A Sondheim Spring... Isn't it rich?

The Dinner Waltz. Photo by Dalia Shaw.

I’ve had the pleasure to direct several productions at my alma mater since returning to teach. The first felt like a match made in heaven: directing The Merry Wives of Windsor for the 75th annual Hofstra University Shakespeare Festival, on Hofstra’s Globe Stage, a state-of-the-art recreation of Shakespeare’s home theatre, the most accurate such recreation in the United States. The second was a curveball that really took me out of my comfort zone: the 1930’s screwball comedy You Can’t Take It with You, a project I joined at the last minute with no prior experience of the play, and very little of the genre. This spring, I had an opportunity to split the difference and work on a piece very dear to my heart, but very far outside of my directorial lane: Stephen Sondheim’s romantic masterpiece A Little Night Music.

Like many theatre artists, I grew up doing youth community theatre. For the major youth theatre in my little corner of Massachusetts, musicals were the name of the game, and as a young actor who was not much of a singer, I treasured the opportunities to be onstage but always felt a little like an outsider… with one major exception. My very first theatre mentor, Christa Crewdson, who was a frequent director at this theatre, was a Sondheim fanatic, and she programmed his work as frequently as she could. (This is how, before I turned 16, I had done Into the Woods — not the junior version that’s just Act 1, the whole show — twice.) Something about Sondheim activated my imagination in a way the other musicals did not. They weren’t just fun and entertaining, they were brilliant. I felt so much going right over my teenage head, and rather than being alienated or discouraged, I desperately wanted to understand more. Eventually this theatre company established a summer program where returning college students could audition, along with high school upperclassmen, to take on more mature fare, and this is where I got my first taste of Sondheim’s weirder, darker oeuvre: Assassins, Sweeny Todd, etc. I later found that same thrill in the works of Shakespeare, Beckett, and other great writers during my time at Hofstra and Columbia, but that first spark of interest in challenging theatre is very much thanks to Sondheim.

From the archives: teenage me playing John Hinckley in Assassins (and proof that I did once have that much hair)

When I found out that the spring musical at Hofstra would be A Little Night Music, I immediately let the powers that be know that it was a particular favorite of mine — quite possibly my favorite musical. When I was offered the job, the uncertainty crept in. I hadn’t directed a full musical in fifteen years… in fact, the last time I did, I was a student at the very same university. I certainly had never directed a musical with a 19-piece orchestra. Was I in over my head? Luckily for me, I had a team that was willing and able to help me adjust to a new workflow. Music director Kerry Prep and choreographer/costume designer Meredith van Scoy, two of my colleagues at Hofstra, had worked together on several musicals there, and were able to answer my (frequent) questions.

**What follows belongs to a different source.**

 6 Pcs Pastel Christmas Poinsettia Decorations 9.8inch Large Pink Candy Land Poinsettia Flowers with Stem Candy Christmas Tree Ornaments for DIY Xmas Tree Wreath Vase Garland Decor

The research portion of the process was particularly rewarding for me. I returned to the play’s source material, the Ingmar Bergman film Smiles of a Summer Night, which I had not seen for many years. The film (and the play) are the story of the middle-aged lawyer Fredrik Egerman and his former lover, the great actress Desirée Armfeldt. After the death of his first wife, and after the affair with Desirée that followed, Fredrik has married a beatuiful young girl, Anne, who is about the same age as his son. Desirée and Fredrik reconnect, and, sensing that he is as unhappy in his marriage as she is tired of life on the road, hatches a plan to bring them together. We see the various love triangles slowly sort themselves out over the course of a weekend at the Armfeldt country estate. Sondheim takes the wistful midsummer magic of Bergman’s film and fills it with a rich, complex, musical and emotional life without losing the humor of the source material.

I also returned to Sondheim’s invaluable book Finishing the Hat, the first volume of an annotated collection of his lyrics, which included many great behind-the-scenes stories of the play’s development, as well as some very informative lyrics for songs that were cut at various points. Research also meant spending several summer afternoons in the New York Public Library for the Performing Arts at Lincoln Center, watching various productions of the play to see how other directors had tackled some of the show’s more abstract challenges. I even got to do a little field research: I learned that the Bergman film had been shot at a small country estate in Skåne, the southernmost part of Sweden. My wife is from Denmark, and while spending some time with her family over the summer, I realized the location, Jordberga Castle, was just a 40 minute drive from Malmö, just across the water from Copenhagen. As luck would have it, I was already scheduled to have a meeting at a university in Malmö in late June, so we took the train over the Øresund, rented a car, and drove out to Jordberga, where the midsummer weather was exactly as described in the film. I took tons of photos of the grounds, which I sent to our design team to help them get a feel for the specific location and time of year.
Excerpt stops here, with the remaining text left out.